Sur les Traces du Bar Rayé

     Il n’y a pas si longtemps, le bar rayé pullulait dans le fleuve Saint-Laurent Les meilleurs coins de pêche étaient situés autour de Québec et les bars frayaient surtout au lac Saint-Pierre. Pendant les meilleures années, les pêcheurs commerciaux en prenaient des tonnes et des tonnes Puis, autour de 1965, le bar rayé a complètement disparu du le. Les causes de cette extinction seraient la surpêche, le braconnage, le manque de réglementation et enfin les effets de la canalisation du Saint-Laurent. Certains parlent aussi de déversements importants de rhotane dans le fleuve, pour éliminer les phryganes (mannes) pendant l'Expo 67. Le bar a complètement et abruptement disparu du fleuve et nous avons perdu tout un poisson.

LE POISSON

Sur les traces du bar rayé
     Le bar rayé est vraiment exceptionnel et représente le poisson de toutes les pêches. On peut le capturer à n'importe quel moment de la journée et il va mordre le matin ou en plein cœur de l'après-midi, le soir comme la nuit. Il va attaquer vos mouches au gros soleil comme par temps gris, dans l'eau calme comme dans la plus agitée. À la mouche, on peut l'attraper en «strippant» la soie agressivement ou sur la dérive comme un saumon et il va prendre aussi bien la mouche sèche que le streamer.

     Son nom scientifique, Morone saxalis, signifie «habitant les rochers» mais on le trouve partout. On peut le pêcher en pleine mer, dans les marais salins, en rivière, en lac, dans les «breachways» (canaux entre la mer et les lacs), dans les «rips» (rencontres de courants divergents), sur les hauts-plateaux ou encore dans les chenaux. On peut le pêcher à partir des jetées, des rocs, des plages, des quais, au bord comme au large, à gué comme en embarcation. On peut le pêcher en profondeur comme en surface, à la soie flottante comme à la plongeante et avec un ensemble #5 comme un #8. Bien entendu, on peut tout aussi bien le pêcher au lancer léger, et ce autant avec un leurre artificiel qu'avec un appât naturel. En plus, mais gardez ça pour vous, c'est absolument gratuit!
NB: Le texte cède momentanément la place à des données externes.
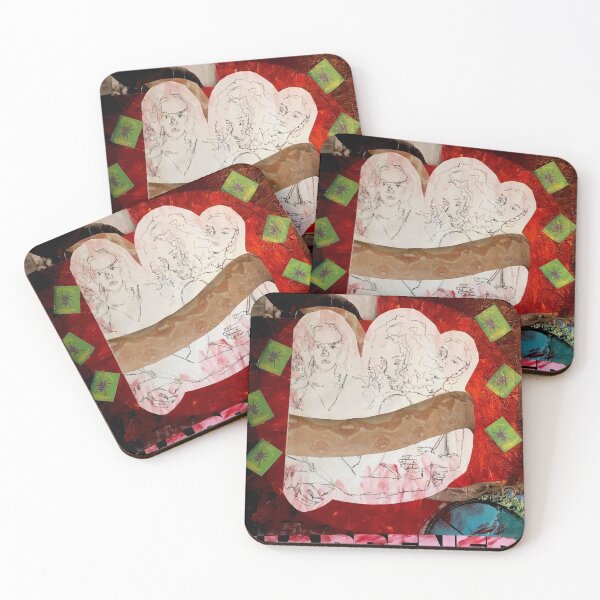 Item preview, WHAT HAPPENED designed and sold by AvaBoo.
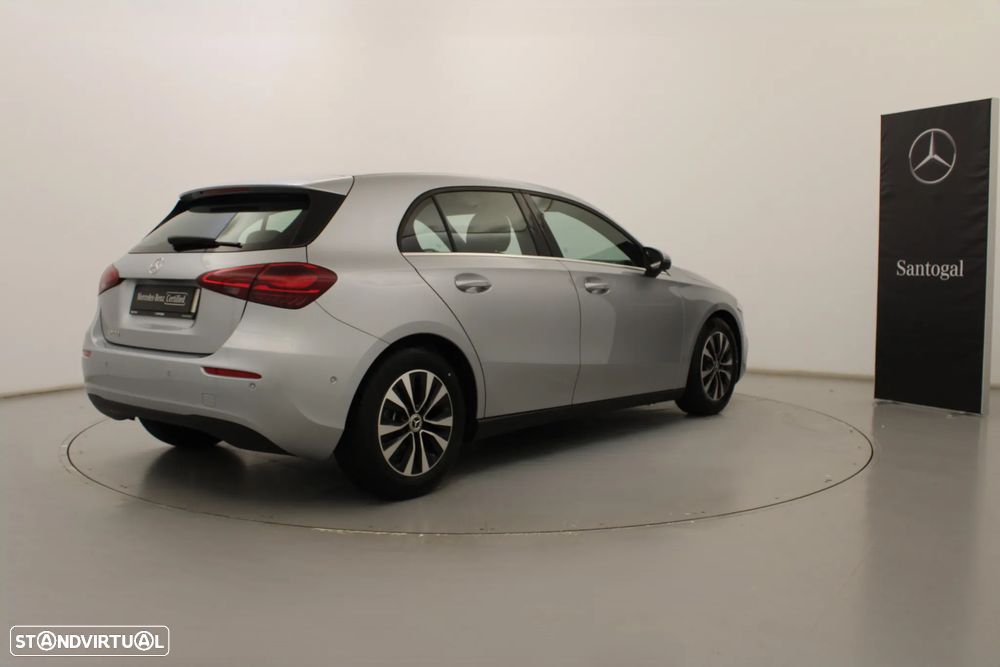 Mercedes-Benz A 200 Standard - 6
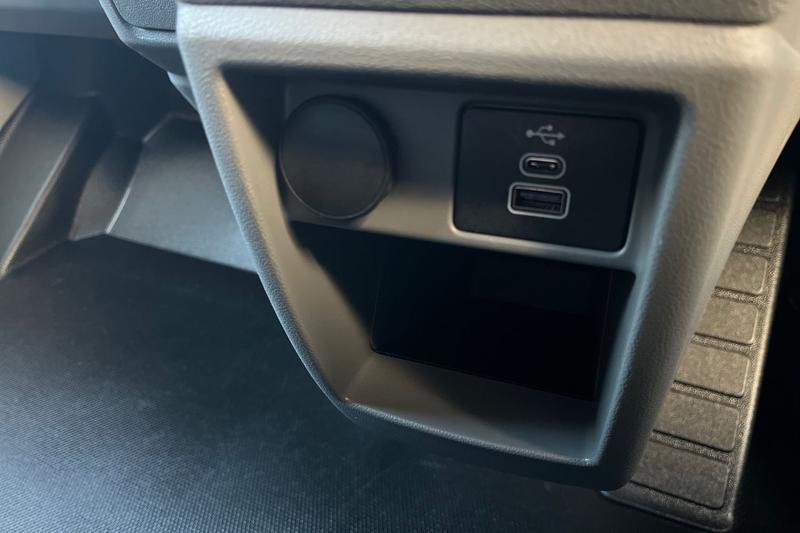 Used Ford Transit Custom 2025 for sale - 76718945: Photo 16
     Le bar est reconnu comme le maître incontesté du «surf». C'est dans les pires vagues, les plus hautes et les plus imposantes que le bar rayé est le plus à l'aise. Il est très impressionnant de le voir «surfer» à travers des vagues infernales et finir dans moins de 15 cm d'eau, quand la vague se brise sur la plage. Il n'exécute pas ces prouesses pour le spectacle mais pour se nourrir, et quand il se nourrit, il le fait avec frénésie! Il faut voir un blitz de bars décimer un banc de poissons, c'est démentiel!
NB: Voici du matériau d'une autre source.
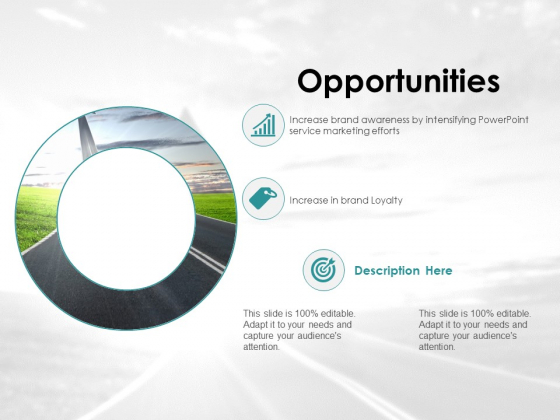Opportunities Ppt PowerPoint Presentation Inspiration Slide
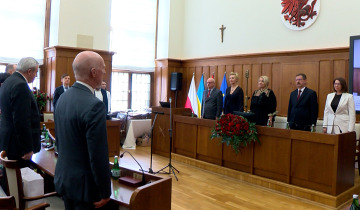 Sejmik zakończył kadencję 27.03.2024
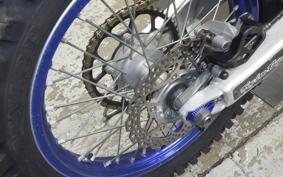 YAMAHA YZ250F CG40C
     Mon ami Pascal Moreau, un «top gun» de la pêche en eau salée, m'a dit un jour : «Le bar rayé est comme un gros estomac muni de nageoires.» Cet ogre des mers va dévorer absolument tout ce qui bouge et même ce qui ne bouge pas! On trouve des bars partout où il y a de la nourriture mais il faut faire attention, car autant ils sont opportunistes, autant ils peuvent devenir hyper sélectifs. À ce moment-là même les meilleurs pêcheurs de bars se grattent le ciboulot...

     Comme le saumon, le bar rayé est un poisson migrateur et son principal site de fraie se trouve dans la baie de Chesapeake, au Maryland. Ce poisson anadrome parcourt de grandes distances, comme en témoigne un bar étiqueté dans la baie de Chesapeake et repris dans la baie de Fundy. La migration des bars commence en mars et ils arrivent sur les côtes du Maine autour de la mi-mai.

     Bien qu'on en trouve sur la côte ouest (où il a été ensemencé) et dans les provinces maritimes, c'est sur les côtes du Maine et jusqu'en Caroline du Nord qu'il est le plus concentré.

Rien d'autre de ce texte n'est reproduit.